### Problem details
Could you restate the data word for word and drop the pictures?

### Brief descriptive captions
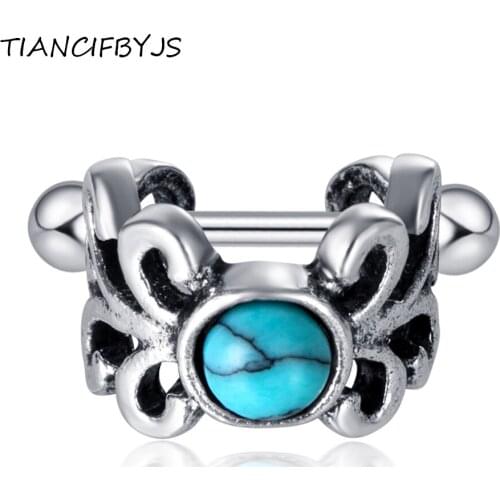 TICNCIFBYJS Opal Stone Ear Piercing Cartilage Cuff Barbell Surgical Steel Helix Piercings Bar Tragus Earring Body Jewelry 20pcs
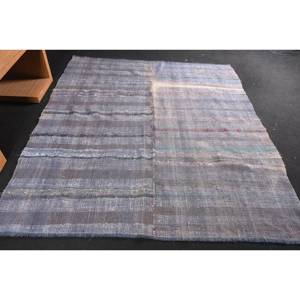 Alfombra de lana hecha a mano gris rústica 2,7 X 8.7ft área grande turca área rectangular Patchwork patrón de pasillo abstracto para adolescentes látex - Product Image 1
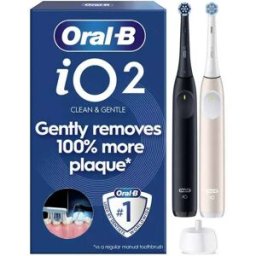 Oral-B iO2 Duo Pack Electric Toothbrush – Night Black & Pink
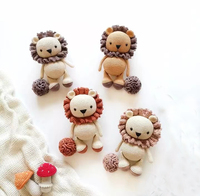 Vente en gros Amigurumi bébé Crochet poupées en peluche Lion coton jouets faits à la main pour enfants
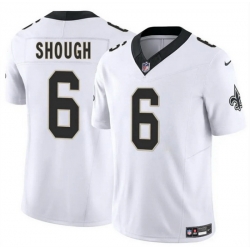 Men New Orleans Saints 6 Tyler Shough White 2025 Draft F U S E Vapor Limited Stitched Football Jersey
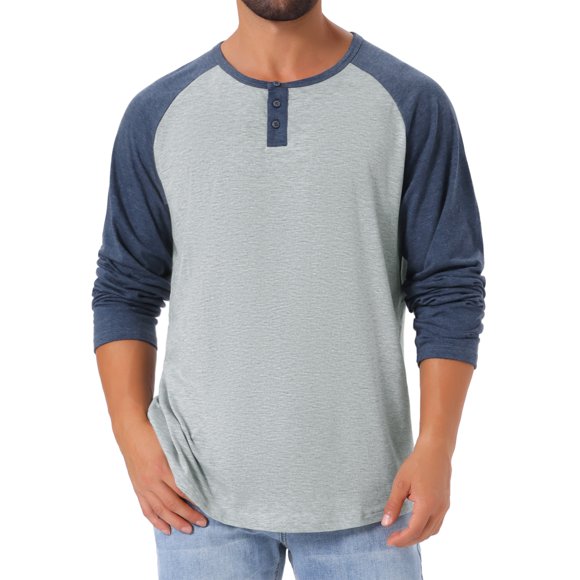 Edición INSPIRE CHIC Camisetas de Hombre Manga Larga Raglán Casual Béisbol Henley Tallas 2XL Gris Marino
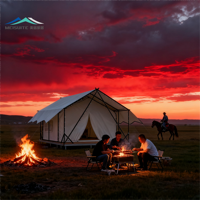 Tente de Glamping Safari Double Couche Semi-Permanente de Luxe, Imperméable et Ignifuge, Idéale pour Hôtels de Luxe et Aventures de Camping en Plein Air - Offre Spéciale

### Result
 TICNCIFBYJS Opal Stone Ear Piercing Cartilage Cuff Barbell Surgical Steel Helix Piercings Bar Tragus Earring Body Jewelry 20pcs
 Alfombra de lana hecha a mano gris rústica 2,7 X 8.7ft área grande turca área rectangular Patchwork patrón de pasillo abstracto para adolescentes látex - Product Image 1
 Oral-B iO2 Duo Pack Electric Toothbrush – Night Black & Pink
 Vente en gros Amigurumi bébé Crochet poupées en peluche Lion coton jouets faits à la main pour enfants
 Men New Orleans Saints 6 Tyler Shough White 2025 Draft F U S E Vapor Limited Stitched Football Jersey
 Edición INSPIRE CHIC Camisetas de Hombre Manga Larga Raglán Casual Béisbol Henley Tallas 2XL Gris Marino
 Tente de Glamping Safari Double Couche Semi-Permanente de Luxe, Imperméable et Ignifuge, Idéale pour Hôtels de Luxe et Aventures de Camping en Plein Air - Offre Spéciale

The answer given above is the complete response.